Duck Typing: python

Showing posts with label python. Show all posts

Tuesday, July 21, 2009

Python in a web page

"Gestalt is a library released by MIX Online Labs that allows you to write Ruby, Python & XAML code in your (X)HTML pages. It enables you to build richer and more powerful web applications by marrying the benefits of expressive languages, modern compilers, AJAX & RIAs with the write » save » refresh development model of the web."

Python on a web page! In Silverlight .. which means it is time to learn Mono and .Net and all that stuff.

Update: I did nothing to learn any of that stuff then one day I walked into the office and they said "oh, we need you to work on a C# project.. on a Windows box"

Sunday, June 7, 2009

Unicode Gotcha

What will this give you?

>>> astring = None
>>> print unicode(astring)

If you said None then you will be surprised to find the answer is u"None" which is not at all the same thing. Really messed up my day..

Sunday, April 12, 2009

Regex Exploration

The Question

I was asked a question on the way out of the office at the end of the week: what is the difference between a regex match and a regex search?

It didn't seem like a difficult question but it stumped me for a little while. Both a search and a match should use a regular expression and evaluate it against a text. Perhaps a regex search traverses the input string and returns one result at a time and a regex match does.. hm.. or maybe a regex match is used for validation and a regex search is more exploratory?

The individuals asking the question were looking at the Python regex documentation (or rather AMK's very excellent regex howto ) which says "match() function only checks if the RE matches at the beginning of the string while search() will scan forward through the string for a match" which is interesting because it means that the Python regex match effectively inserts a leading anchor before attempting evaluation.

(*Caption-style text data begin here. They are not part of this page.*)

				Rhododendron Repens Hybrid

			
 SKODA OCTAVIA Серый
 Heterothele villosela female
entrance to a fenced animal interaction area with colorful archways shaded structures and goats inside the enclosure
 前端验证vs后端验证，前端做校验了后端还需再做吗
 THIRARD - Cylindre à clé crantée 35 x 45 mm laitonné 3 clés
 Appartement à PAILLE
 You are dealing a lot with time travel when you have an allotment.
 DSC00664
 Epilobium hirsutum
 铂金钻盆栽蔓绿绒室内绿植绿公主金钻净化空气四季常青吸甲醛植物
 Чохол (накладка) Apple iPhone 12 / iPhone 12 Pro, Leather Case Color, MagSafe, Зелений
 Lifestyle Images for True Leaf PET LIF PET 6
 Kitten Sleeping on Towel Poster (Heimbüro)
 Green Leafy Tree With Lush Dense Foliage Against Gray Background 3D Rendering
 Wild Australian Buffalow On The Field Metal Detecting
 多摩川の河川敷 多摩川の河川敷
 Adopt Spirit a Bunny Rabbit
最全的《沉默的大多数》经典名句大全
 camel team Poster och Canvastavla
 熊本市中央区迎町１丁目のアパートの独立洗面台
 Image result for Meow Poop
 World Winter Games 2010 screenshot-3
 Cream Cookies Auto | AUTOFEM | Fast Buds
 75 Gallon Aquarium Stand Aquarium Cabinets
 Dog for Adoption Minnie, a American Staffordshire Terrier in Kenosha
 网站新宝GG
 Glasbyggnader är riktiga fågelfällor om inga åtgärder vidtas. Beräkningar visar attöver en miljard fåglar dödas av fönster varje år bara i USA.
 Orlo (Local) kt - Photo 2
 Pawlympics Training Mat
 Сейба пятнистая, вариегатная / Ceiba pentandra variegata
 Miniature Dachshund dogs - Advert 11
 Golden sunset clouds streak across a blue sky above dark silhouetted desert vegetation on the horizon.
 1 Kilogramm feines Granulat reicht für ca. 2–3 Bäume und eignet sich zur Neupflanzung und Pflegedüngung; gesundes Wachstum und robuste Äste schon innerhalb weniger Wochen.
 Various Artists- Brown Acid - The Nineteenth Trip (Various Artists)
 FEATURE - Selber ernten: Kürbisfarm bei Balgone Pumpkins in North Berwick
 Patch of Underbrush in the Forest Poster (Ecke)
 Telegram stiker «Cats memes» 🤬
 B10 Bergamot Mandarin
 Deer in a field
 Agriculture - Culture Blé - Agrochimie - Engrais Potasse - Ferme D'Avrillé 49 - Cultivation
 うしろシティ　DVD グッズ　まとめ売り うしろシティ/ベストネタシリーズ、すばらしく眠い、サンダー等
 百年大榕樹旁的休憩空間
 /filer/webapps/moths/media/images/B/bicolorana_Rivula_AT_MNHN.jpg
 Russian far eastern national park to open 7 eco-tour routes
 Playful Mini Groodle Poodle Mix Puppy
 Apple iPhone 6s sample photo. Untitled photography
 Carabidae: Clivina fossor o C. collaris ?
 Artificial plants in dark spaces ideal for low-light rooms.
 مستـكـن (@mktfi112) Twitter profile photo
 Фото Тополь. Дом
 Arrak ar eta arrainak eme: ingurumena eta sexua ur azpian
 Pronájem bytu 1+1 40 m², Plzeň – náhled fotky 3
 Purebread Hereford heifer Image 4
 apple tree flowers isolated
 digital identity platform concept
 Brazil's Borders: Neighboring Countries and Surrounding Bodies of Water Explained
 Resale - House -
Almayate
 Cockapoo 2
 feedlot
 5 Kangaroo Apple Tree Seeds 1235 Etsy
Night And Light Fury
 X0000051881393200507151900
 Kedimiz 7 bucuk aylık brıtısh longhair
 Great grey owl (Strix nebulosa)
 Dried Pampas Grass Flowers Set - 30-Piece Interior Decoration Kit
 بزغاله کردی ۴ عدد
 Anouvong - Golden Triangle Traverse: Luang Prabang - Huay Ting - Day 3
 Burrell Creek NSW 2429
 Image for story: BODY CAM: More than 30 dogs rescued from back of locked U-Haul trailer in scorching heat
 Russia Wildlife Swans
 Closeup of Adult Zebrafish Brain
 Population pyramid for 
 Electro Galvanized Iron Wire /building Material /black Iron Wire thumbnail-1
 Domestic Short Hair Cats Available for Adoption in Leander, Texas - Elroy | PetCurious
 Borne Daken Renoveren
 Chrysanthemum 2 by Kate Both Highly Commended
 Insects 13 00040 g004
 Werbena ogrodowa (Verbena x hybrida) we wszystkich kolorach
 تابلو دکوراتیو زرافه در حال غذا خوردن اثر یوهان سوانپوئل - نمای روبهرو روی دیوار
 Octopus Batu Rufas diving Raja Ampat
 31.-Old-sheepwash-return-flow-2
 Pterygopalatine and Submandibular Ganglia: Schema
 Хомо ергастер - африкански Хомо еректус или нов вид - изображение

Both functions return a MatchObject.

Wait a minute, you may say, you have the documentation to answer the original question! Not exactly because this question was not inspired by an abstract search for knowledge but a performance problem. The other interesting part was that Python documentation was being studied but the code is in C++ with no Python involved.

If you need a regex library for C++ then a good place to look is at the Boost home page which is “...one of the most highly regarded and expertly designed C++ library projects in the world” and has libraries for all sorts of things like graph theory, linear algebra or interprocess communication. So what does the Boost Regex library say about match and search? How about this: "the result is true only if the expression matches the whole of the input sequence. If you want to search for an expression somewhere within the sequence then use regex_search". Of note is the fact that the return type of match is boolean.

Did you get that? The Python regex match/search answer is a matter of the start position of the match and the Boost C++ answer is whether the input sequence is consumed.

Performance Evaluation

Another alternative for a regex library for the C++ developer is the Perl Compatible Regular Expression library (see the website) which offers a single execute function instead of a search or match function, with a flag parameter modifying behaviour. One suggestion I heard was that the PCRE library performs faster than the Boost library because "maybe the Boost library sucks?" but as Carl Sagan said "Extraordinary claims require extraordinary evidence" or, in other words, how do you figure?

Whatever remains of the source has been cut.